Python Python Python (aka Python 3)
Just one week shy of Christmas 2008, the Python world saw the release of version 3 of Python. Big deal, eh? Well ... it turns out it was and is, as Python 3 is the first major release of Python designed from the get-go to be incompatible with prior versions of the language. Python is well liked among the Linux Journal readership (winning the Favorite Scripting Language category in 2008), and such a development may come as a shock to some. A detailed description of all of the changes brought into Python 3 can be found in the what's new document, another interesting source can be found on the pythonology blog. Consequently, in this article, I don't intend to rehash such material. Instead, I present my own take on Python 3, as well as discuss what Python 3 means for the new and existing Python programmer.

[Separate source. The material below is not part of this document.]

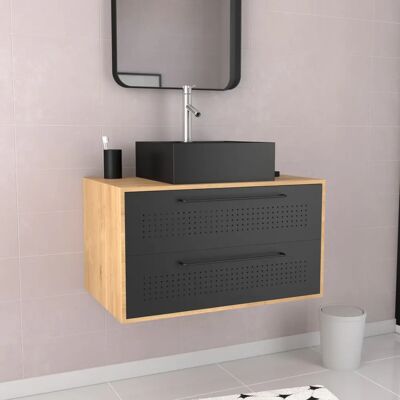 Aurlane Uby 80 Armario de almacenamiento de baño en negro mate - Armario de baño Aurlane Uby 80 Armario de almacenamiento de baño en negro mate - Armario de baño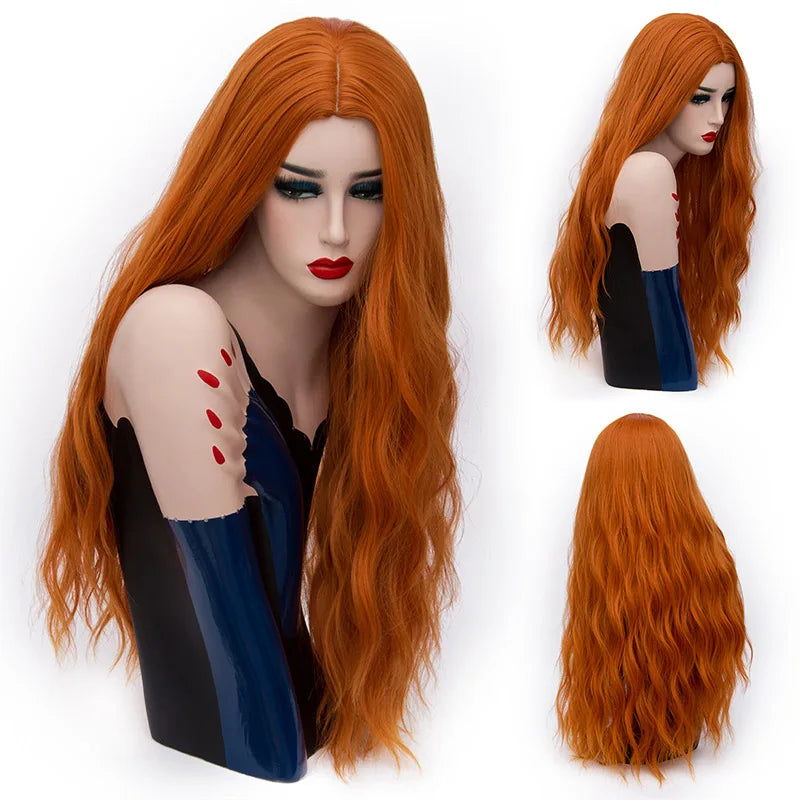 MSIWIGS 70CM Long Pink Wavy Wigs Cosplay Lolita Synthetic Women' s Blonde Wig 29 Colors Heat Resistant Hair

Python 3 fixes a number of known issues with the 2.x releases. The type of things that have changed include parts of the language that didn't work well, were annoyances to Python programmers or created inconsistencies in the way Python was programmed. As an example, consider the most noticeable change in Python 3, which has to do with print. In previous releases of Python, print was a command, now it's a function. Code that used to look like this in release 2.x:
print "The world is indeed flat."
must now be rewritten like this in Python 3:
print("The world is indeed flat.")
On the face of things, this doesn't look like a big deal, until you realize that most every Python program ever written has at least one print command, if not many. To ease the burden of adjusting every release 2.x print command into a release 3.0 print function, Python 3 provides the handy 2to3 conversion tool. Assuming the above line of code is in a file called flat.py, this command-line lists the edits required to move this code to release 3:
$ 2to3 flat.py
To automatically apply the required edits in-place, use the following command-line (the original code is saved to a .bak file):
$ 2to3 -w flat.py
Type "2to3 --help" for the list of options available. Using the 2to3 utility goes a long way toward making the change to print a "non issue", to quote the official list of changes documented on the Python web-site (see resources). Of course, the obvious questions have to be asked: "Why introduce a change like this at all?" and "Why did the Python developers break most every existing Python program?".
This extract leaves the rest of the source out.